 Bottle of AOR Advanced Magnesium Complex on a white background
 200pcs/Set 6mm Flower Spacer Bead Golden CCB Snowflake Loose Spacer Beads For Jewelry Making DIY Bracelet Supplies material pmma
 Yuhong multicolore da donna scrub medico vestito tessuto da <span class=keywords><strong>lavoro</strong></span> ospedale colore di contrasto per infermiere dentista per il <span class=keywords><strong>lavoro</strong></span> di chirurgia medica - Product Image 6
==
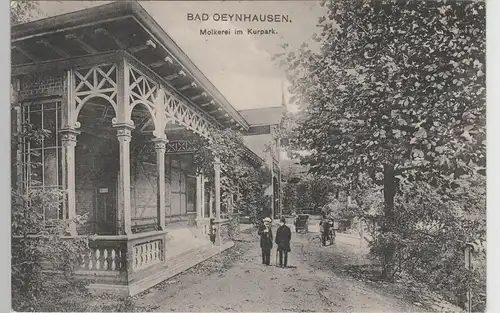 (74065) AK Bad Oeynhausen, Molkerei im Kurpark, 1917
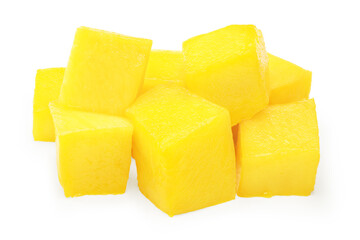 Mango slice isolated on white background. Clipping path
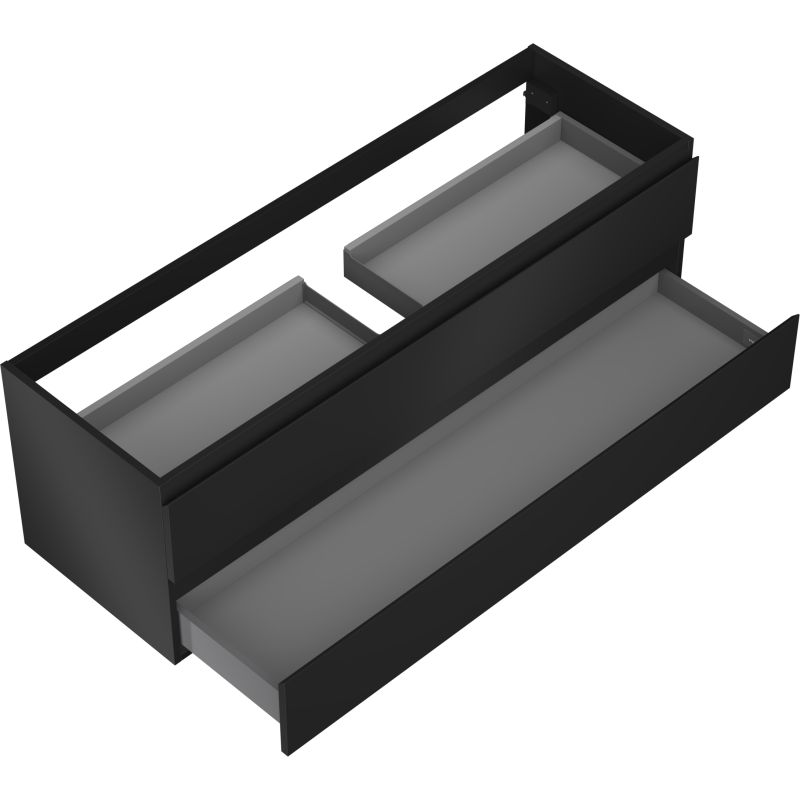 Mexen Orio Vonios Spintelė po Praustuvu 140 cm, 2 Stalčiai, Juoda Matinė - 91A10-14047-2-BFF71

**WORK TO COMPLETE:**
Please print the lines above word for word, starting at the one with "(74065) AK Bad" and ending at the one with "Mexen Orio Vonios", both included, and without any picture.

**WORKED SOLUTION:**
 (74065) AK Bad Oeynhausen, Molkerei im Kurpark, 1917
 Mango slice isolated on white background. Clipping path
 Mexen Orio Vonios Spintelė po Praustuvu 140 cm, 2 Stalčiai, Juoda Matinė - 91A10-14047-2-BFF71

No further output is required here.